助産師の岸畑聖月が語るロボット学会での家族とキャリアの真実
2026年9月1日、金沢大学にて第44回日本ロボット学会学術講演会が開催されました。このイベントのオープンフォーラムには株式会社With Midwifeの代表取締役で、助産師でもある岸畑聖月が登壇し、特に注目を集めました。フォーラムのテーマは「だれもが自分らしい道を進めるように」。今回はロボット自体についてではなく、ロボットを研究する「人」の生き方とそのバックグラウンドに焦点が当てられました。
助産師とロボットの意外な接点
一般には接点が少ない二つの分野ですが、岸畑は「ロボットを研究する人々こそが、同時に一人の生活者であり、家庭の一員である」と力説しました。

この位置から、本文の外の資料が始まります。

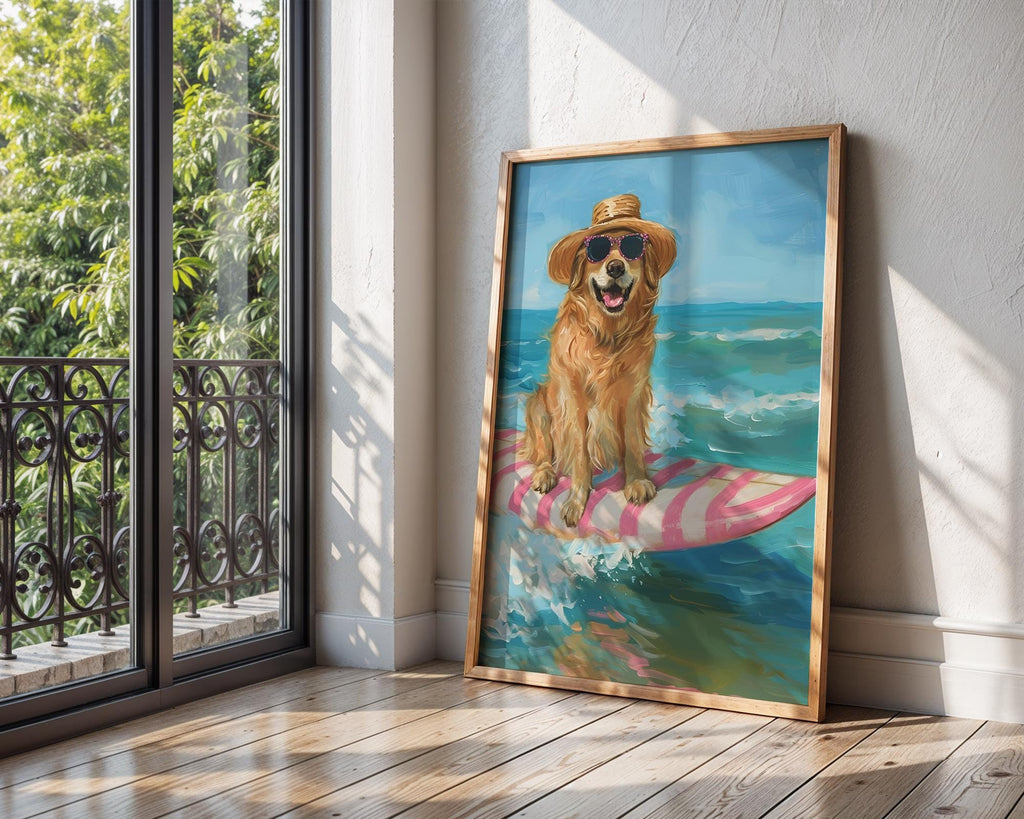 Colourful Prints | Surfer Golden Retriever Art Print | Beach House Coastal Decor wall art print, modern home decor, unframed artwork by Nomad & Nest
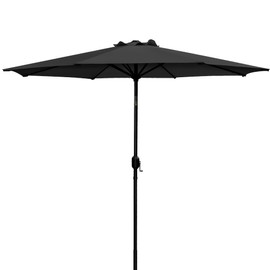 JOVISUNSHADE 7.5FT Patio Umbrella with Push Button Tilt and Crank, Outdoor Umbrella Patio Table Umbrella 9 Sturdy Ribs UV Protection Waterproof for Pool, Porch, Garden, Deck, Backyard. (Black)
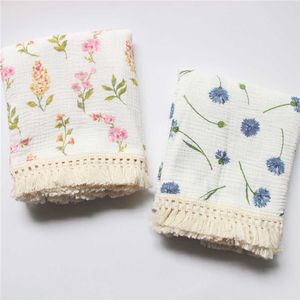 Muslin Swaddle Tassel Floral Blanket Baby Cotton Summer Bath Towels Toddler Wraps Nursery Bedding Infant Swadding Robes Quilt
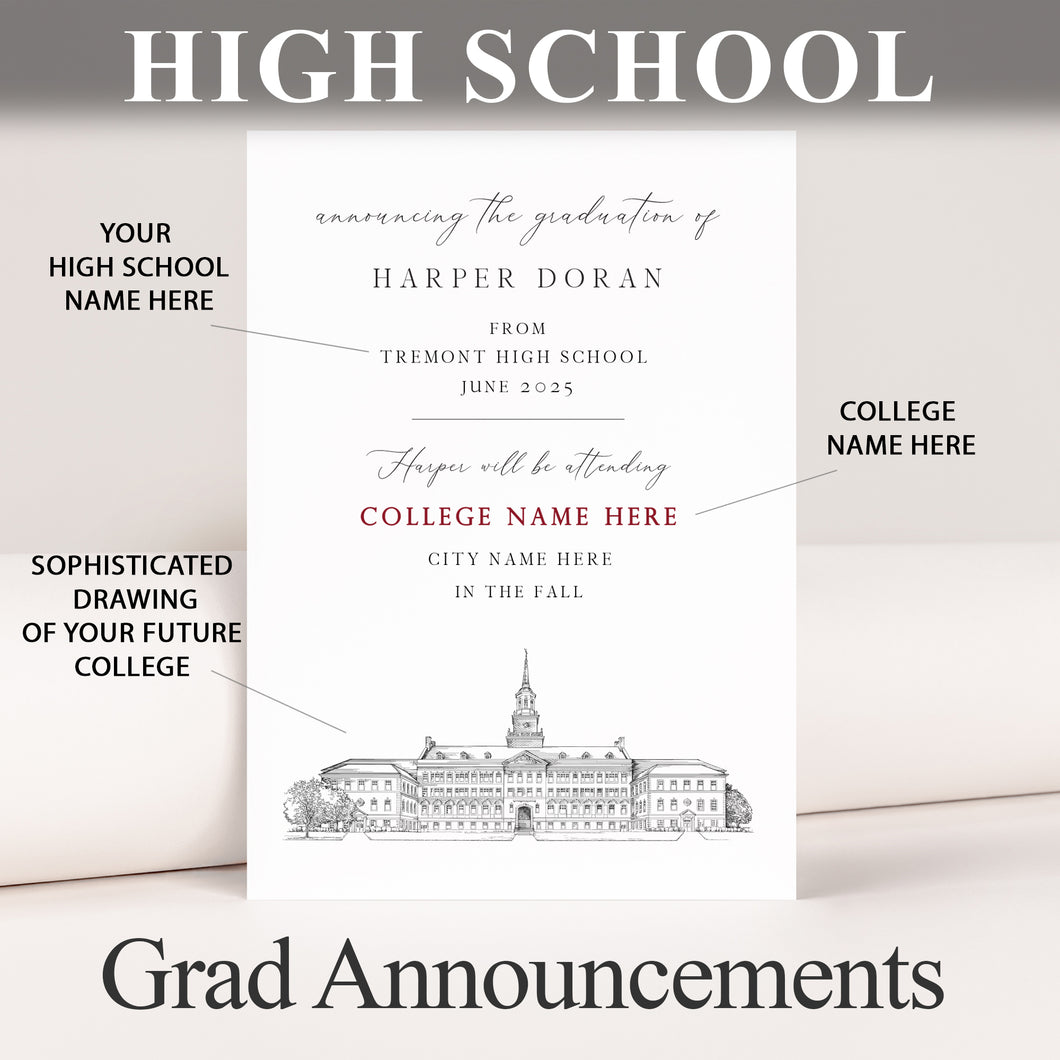High School Graduation Announcements with College Bound University for Massachusetts Schools, ma, HS Grad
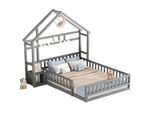KINDERBETT 140x200 cm Hausbett Grau – Massivholz Bett mit Geländer & Nachttisch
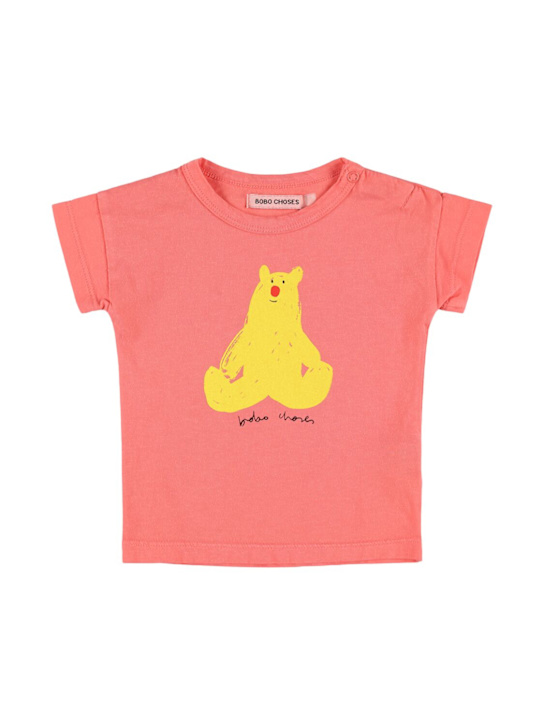 Bobo Choses: コットンジャージーTシャツ - コーラル - kids-girls_0 | Luisa Via Roma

妊娠や出産は、科学技術の最前線で働く人々にも影響を与えるライフイベントです。フォーラムは、研究者たちが家庭とキャリアをどう両立させているかを考える場となりました。
フォーラムの内容
フォーラムでは、中央大学の奥井学氏とGrooveX株式会社の松浦芳樹氏がそれぞれの経験を共有しました。奥井氏は、第一子が誕生した時期の「暗黒期」を振り返りつつ、夫婦での生活の優先順位について語りました。家族のケアや仕事を両立させるために、夫婦でのコミュニケーションが不可欠だと実感したそうです。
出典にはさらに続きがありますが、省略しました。